*The input*
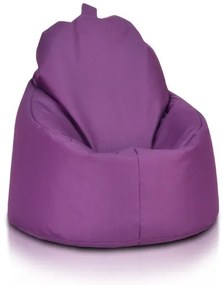 Sedací vak Yoko ekokoža / polyester TiaHome - fialová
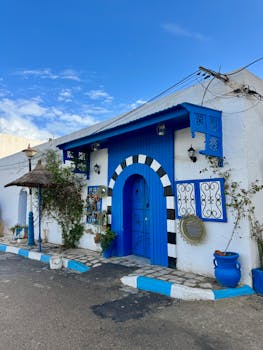 Niebieskie drzwi w Sidi Bou Said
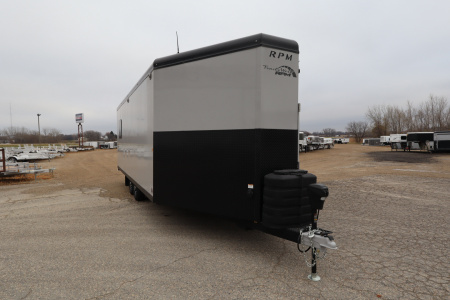 New 2026 Trails West RPM 28' BP Snowmobile Trailer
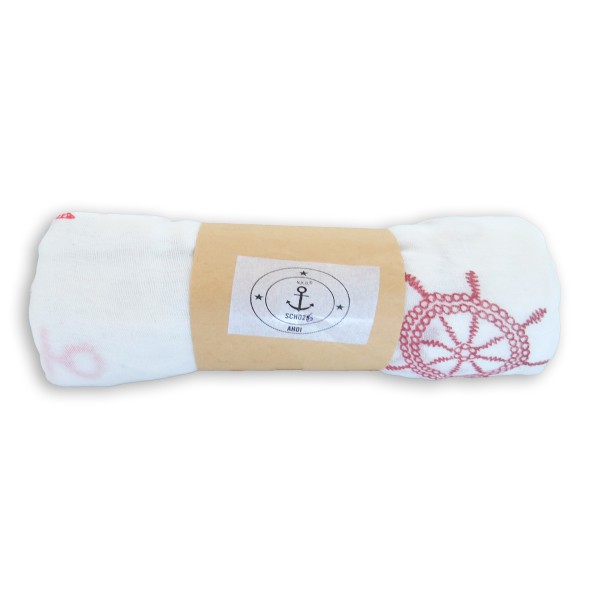 Sonia Originelli Loop Schal "Maritim Steuerrad Anker" Reliefdruck Sommer VIP-Rabatte
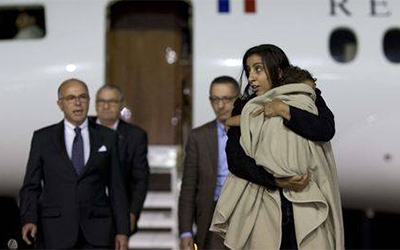 Meriam Rhaiem et Bernard Cazeneuve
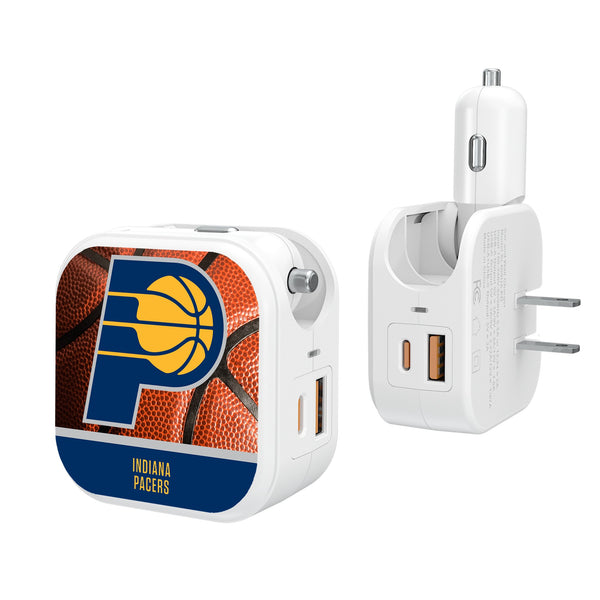 Indiana Pacers Basketball 2 in 1 USB Charger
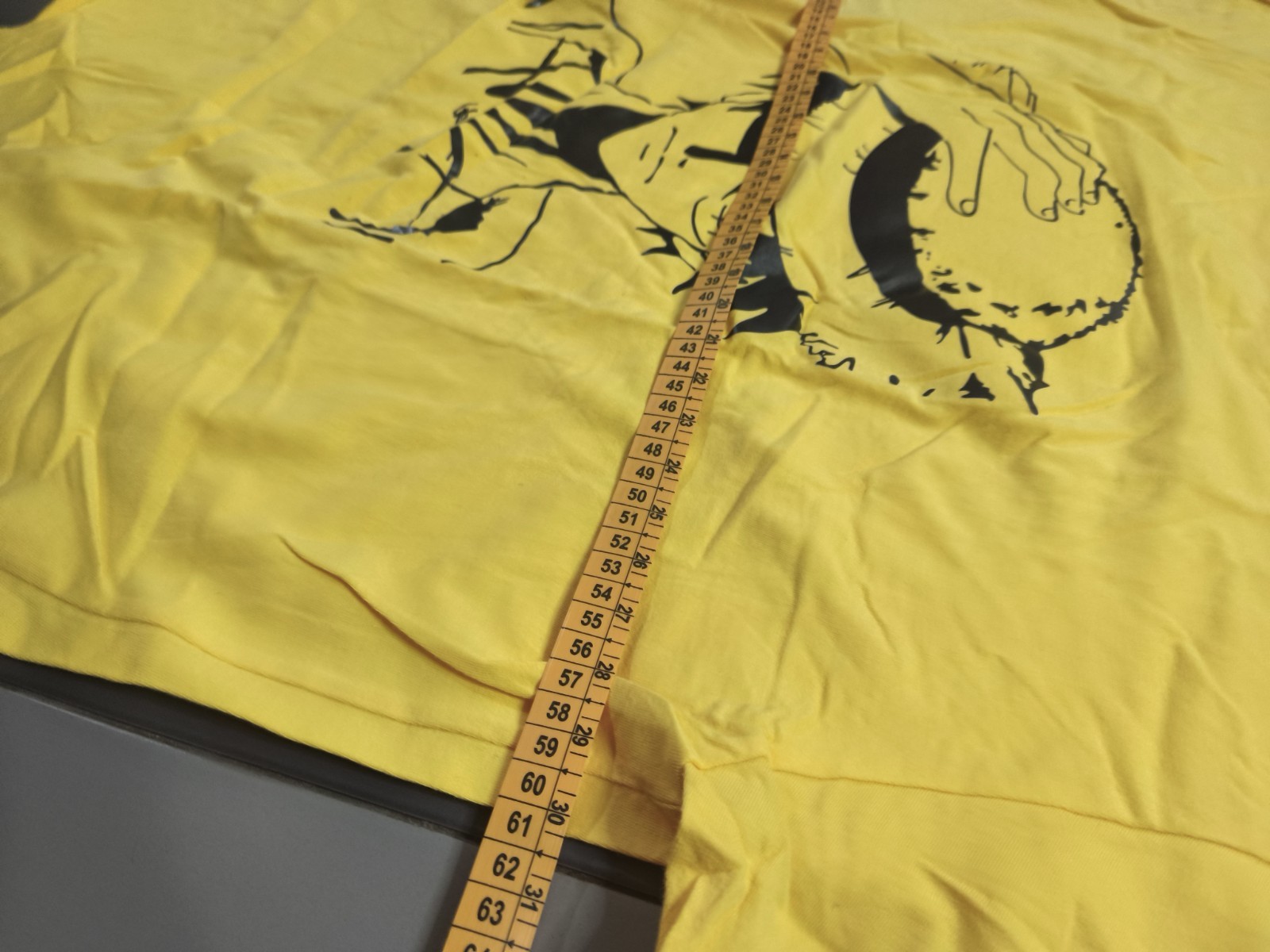One Piece Monkey D. Luffy Graphic T-Shirt - Yellow gallery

*Task item*
After locating the line that holds "Meriam Rhaiem et Bernard Cazeneuve", output exactly the lines from it through the last line of the material above, inclusive, without pictures.

*Exercise solution*
 Meriam Rhaiem et Bernard Cazeneuve
 Indiana Pacers Basketball 2 in 1 USB Charger
One Piece Monkey D. Luffy Graphic T-Shirt - Yellow gallery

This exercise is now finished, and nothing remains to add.